I thought it would be a good opportunity to jot down some observations since I was totally new to the theming model that Micro.blog uses. Perhaps this information will be useful to you.

Before I list my observations, let me just put out this call to action. If you’re reading this and have any abilities as a web developer, it is very simple to convert just about any website theme from any other platform into a Micro.blog theme. You should consider doing it to help the ecosystem around M.b grow. The team there is small. So helping them even a little bit will go a long way. If themes aren’t your thing, perhaps a plugin.

Here are my observations in no particular order:

  • M.b’s theming model is based on Hugo, a “static website engine”
  • The files are primarily standard HTML files with some curly brackets {{ }} for including other files, logic, loops, etc.
  • Your theme is not an island. A custom theme’s files supersede and replace the files in the blank theme that M.b uses. If you include a file (E.g. index.html) in your custom theme, it replaces the one in blank, but if you don’t, it will use the blank one instead. (I may be explaining this incorrectly, but at least this is my understanding)
  • Because M.b is very light on features, most themes need only consist of a few files to support most features
  • It pays to study the “lookup order” of Hugo themes. Like WordPress (which is far more complicated), any given URL can result in different files being loaded. By knowing this order it can cut down on frustration a bit.
  • M.b has a bunch of themes open sourced on their Github. Looking through each of those helps a lot.
  • M.b’s theme documentation is lacking. I’m sure this issue will get better over time now that the new Help Center is online. The more questions we ask and answer in this area, the more people will benefit.
  • If any M.b member makes any edits to a theme using the web editor, they will break their ability to get updates of your theme. I don’t see anyway around this, but it should be known.
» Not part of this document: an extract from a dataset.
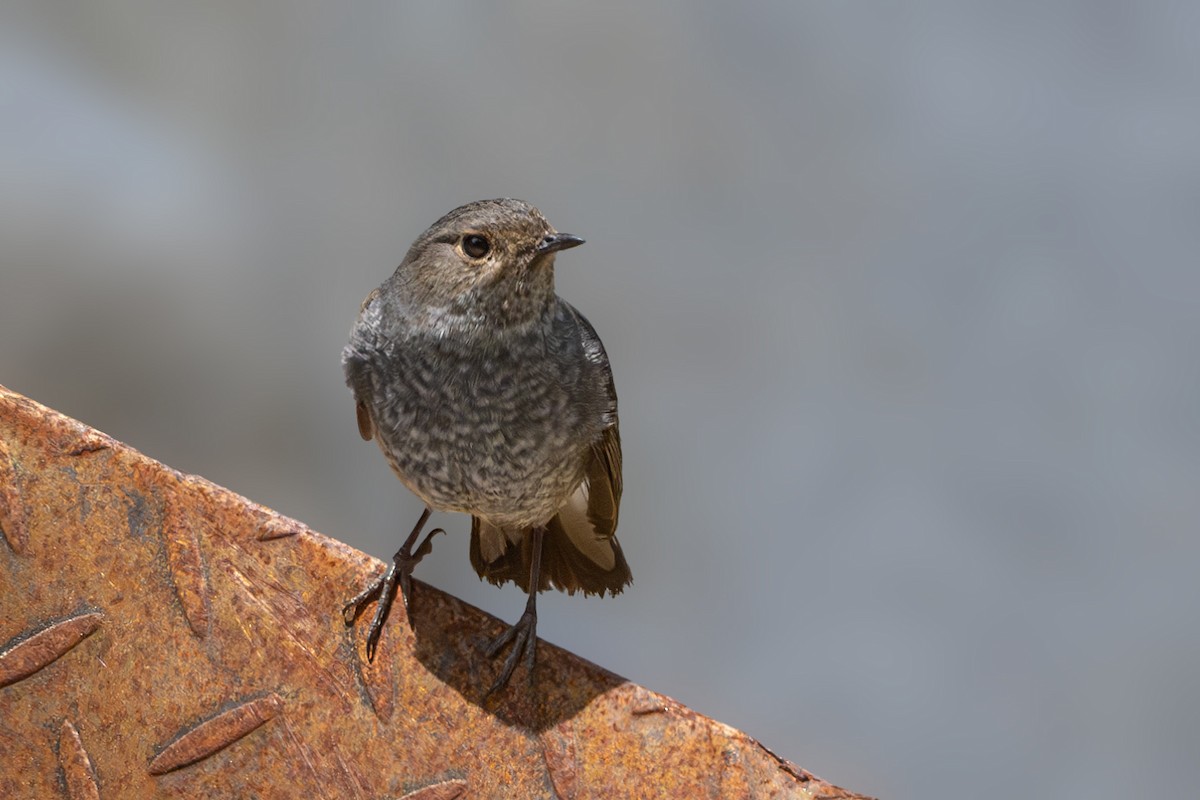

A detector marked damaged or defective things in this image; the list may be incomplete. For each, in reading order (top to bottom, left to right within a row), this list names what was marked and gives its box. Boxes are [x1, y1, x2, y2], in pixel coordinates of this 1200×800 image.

rust texture [0, 383, 873, 796]
rusty metal plate [0, 383, 873, 796]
Here is my workflow for testing and updating Cypress on Micro.blog. It is a little cumbersome, but no big deal in the grand scheme of things. I’m sure this workflow will improve with time.

Side note: I was running Hugo locally in a Docker container but I quickly abandoned that. M.b is unique enough in its feature-set that I found Hugo to not be a good environment to test against. Perhaps if I spent more time creating a M.b-like environment it would have cut down the number of builds I’ve had to push to the site.

  1. Commit changes locally using git.
  2. Push changes to the main branch on Github.
  3. Log into M.b, click Design, click “Edit Custom Themes”, click “New Theme” and add a new theme with a version number (E.g. 2021.1.0b) – I would change this version number with every build I pulled from Github to bust M.b’s cache. It didn’t always work, but it worked most of the time.
  4. Go back to Design settings page, set the theme for my blog to “Blank”, select my Custom Theme from the list, click “Update Microblog Settings”.

It would typically take 5-10 minutes for my changes to show up on my test blog.

Obviously, this isn’t ideal. So I recommend batching your updates as much as you can.

Once I had a build of Cypress that seemed to work as I had planned on the test blog, I would then set the version in the head.html file (see Line 4). Update the readme. Commit those changes. Push to Github, and tag the release. By setting the version in the head I’m able to determine what version someone is running when a bug is reported.

Lastly, a few tips:

  • The “photos” page is special for Micro.blog. There is a button under your Pages settings that says “Add Photos Page” if you don’t already have one. M.b. will filter out posts that have images in them to populate that page with content. It is a very different approach.
  • As far as I can tell, M.b loads images that are in posts in full resolution. The same goes for most indexes too. This can make page load times very, very long in some cases. One way to mitigate that is to turn on pagination so that there aren’t so many posts loaded per page. This is done in the config file. Another way is to use M.b’s thumbnail creation API. As far I know, this isn’t documented anywhere. If it is, I missed it. But it is in use. You can reverse engineer the URL structure yourself. Here is an example URL: https://micro.blog/photos/480x/{{URL TO IMAGE GOES HERE}} – This will dynamically create a new image 480 pixels wide. You can see this in use here.
  • There is a page for /archive even if a Microblog doesn’t have that in their navigation. So I’d recommend including a list.archivehtml.html file in every single theme.

That’s about it. Hugo themes are a learning curve and are likely far more powerful and flexible than even M.b currently has use for. Once you wrap your head around how it works, it is pretty simple to convert a theme and I think it’d be great if more people did so.

Lastly, if any of the above is totally incorrect, please let me know and I’ll correct it.